Allargando lo sguardo al resto del mondo, risultano essere 25 i Paesi con stress idrico «Estremamente elevato» (superiore all’80%): un quarto cioè della popolazione globale. I Paesi più colpiti sono distribuiti soprattutto tra Medio Oriente e Nord Africa, dove l’83% della popolazione è esposta a stress idrico estremamente elevato. E la situazione è in peggioramento. Entro il 2050, secondo il Wri, si prevede che un ulteriore miliardo di persone vivrà in condizioni di stress idrico estremamente elevato. La domanda globale di acqua aumenterà in percentuale dal 20 al 25%, mentre il numero di bacini idrografici che affronteranno periodi di elevata variabilità dal punto di vista della disponibilità idrica aumenterà del 19%.
Dal punto di vista economico i dati Aqueduct prevedono che, sempre entro il 2050, il 31% del Pil globale, circa 70mila miliardi di dollari, sarà esposto a un elevato stress idrico. Una prospettiva che deve far capire agli Stati del mondo che risolvere le sfide idriche globali risulterebbe più economico di quanto si possa pensare, costando infatti solo l’1% del Pil, ovvero 29 centesimi a persona al giorno di qui al 2030.

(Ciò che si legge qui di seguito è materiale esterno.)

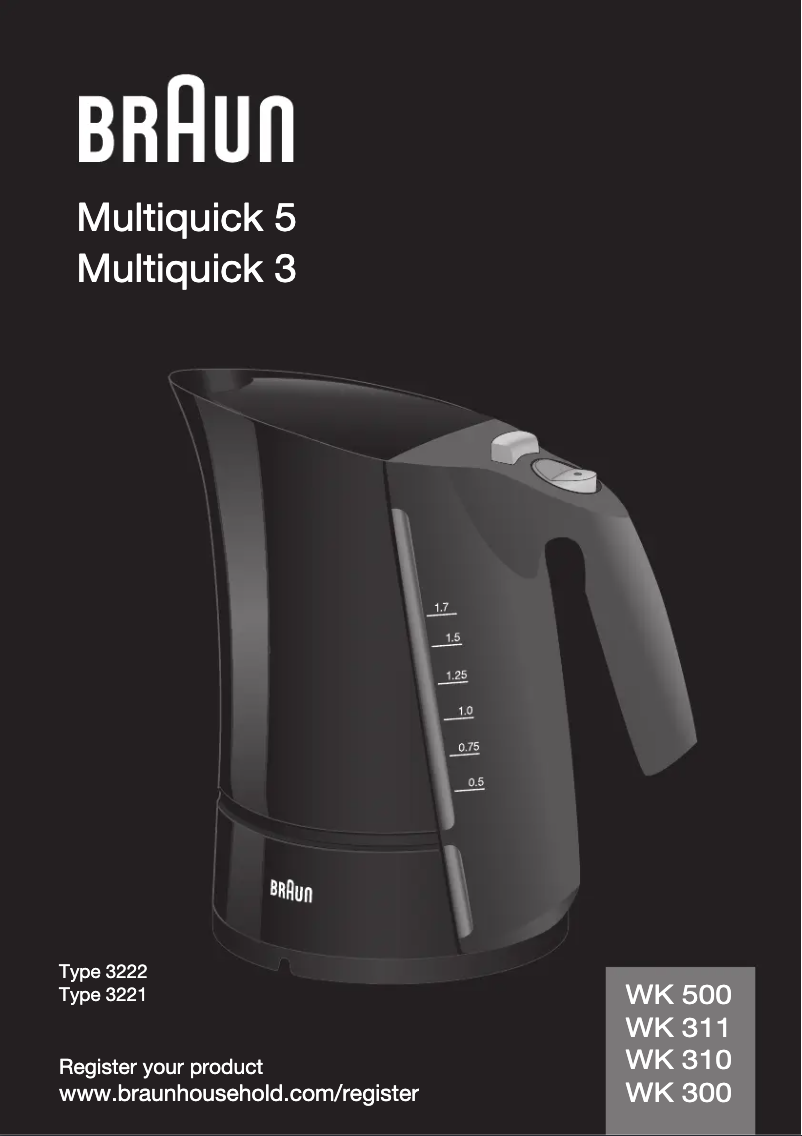 Page 1 de la notice Manuel utilisateur Braun AquaExpress WK 300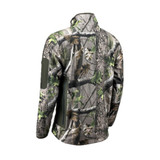 Game Pursuit reversible jacket in green and camouflage, fleece waterproof jacket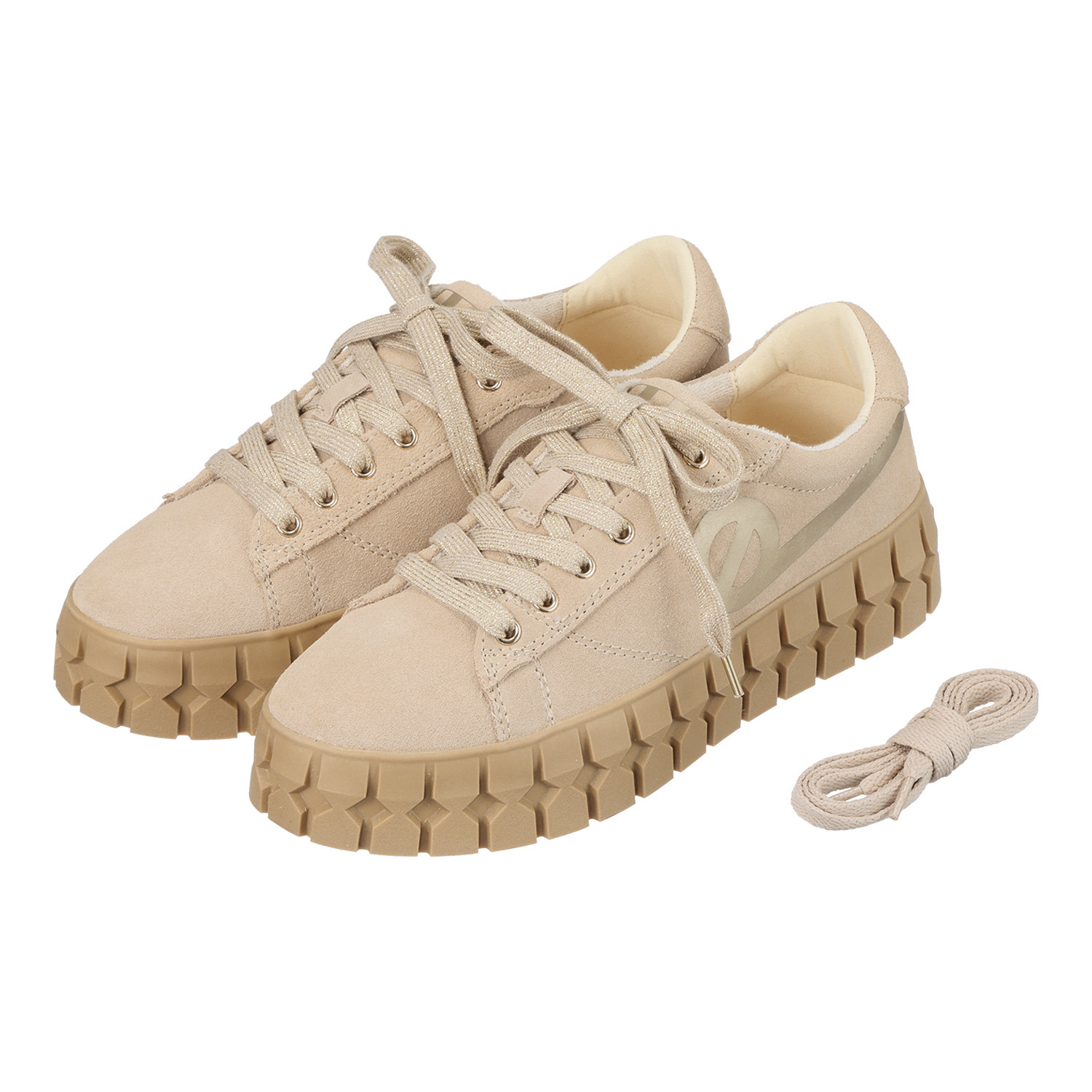 ノーネーム 牛革スエード ローカットスニーカー “ノーネームプレイ”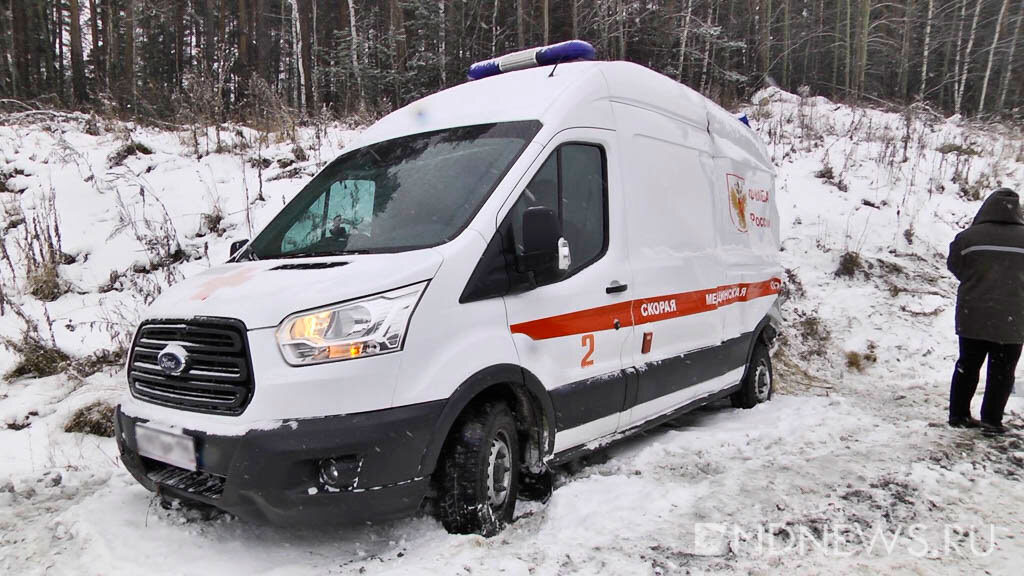 В Татарстане автомобиль скорой помощи попал в ДТП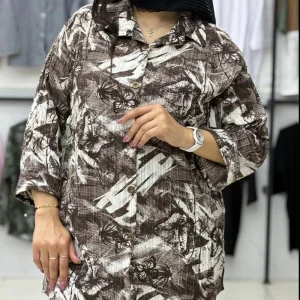 مانتو طرحدار دلوین (پک 5 عددی)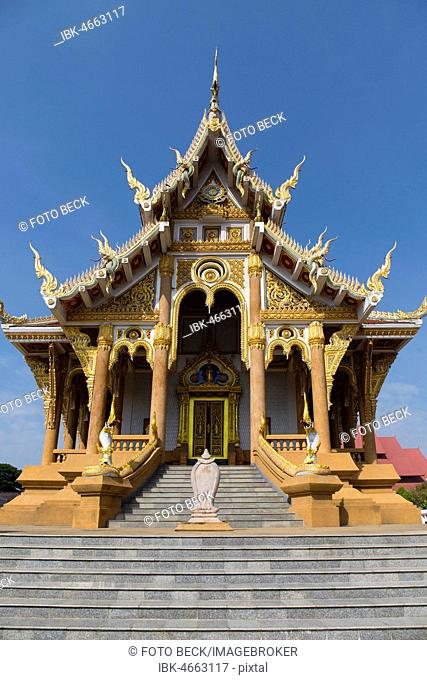 Saint Bot of Wat Pa Saeng Arun, Khon Kaen, Isan, Thailand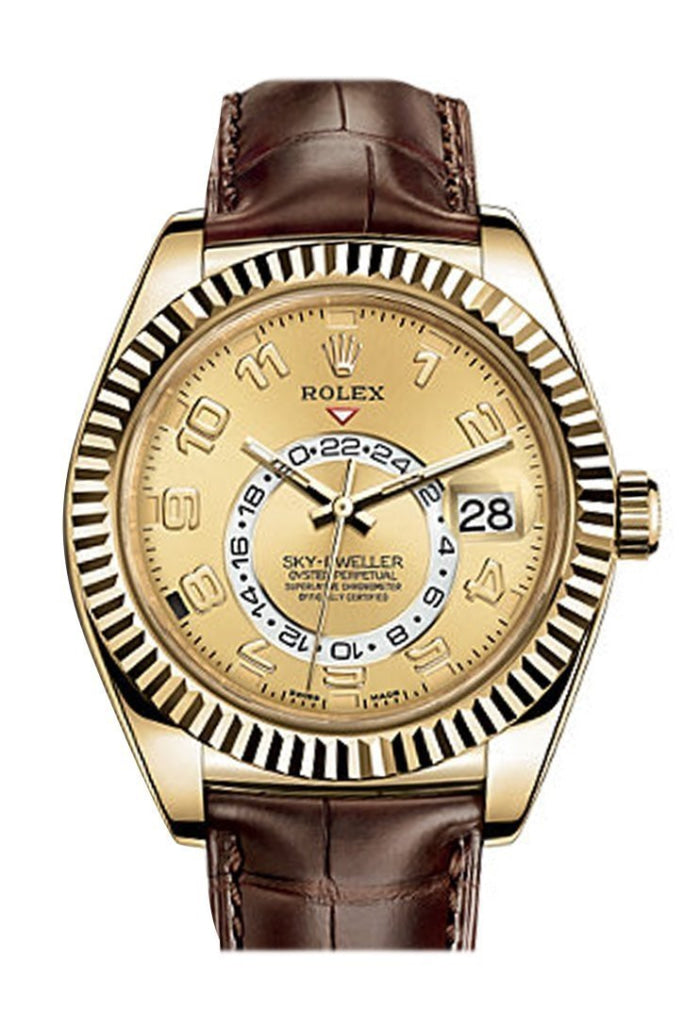 Rolex Sky Dweller Champagne Champagne Dial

Un grosso problema italiano è, come già segnalato, il consumo civile di acqua che, precisamente, supera del 75% quello di Francia e Germania e arriva a più del doppio di quello spagnolo. «È vero che in quel consumo ci sono i comportamenti scorretti delle persone – commenta Barbabella – ma la colpa non è solo del consumatore finale. Mancano infatti normative mirate, come invece esistono in altri Paesi europei. Ad esempio quelle per il recupero delle “acque grigie”, che impongono, nelle case nuove e in ristrutturazione, il divieto di usare l’acqua potabile nello sciacquone del bagno, obbligando a dotarsi di sistemi di filtraggio che reimmettano nello sciacquone stesso l’acqua già usata nei lavandini».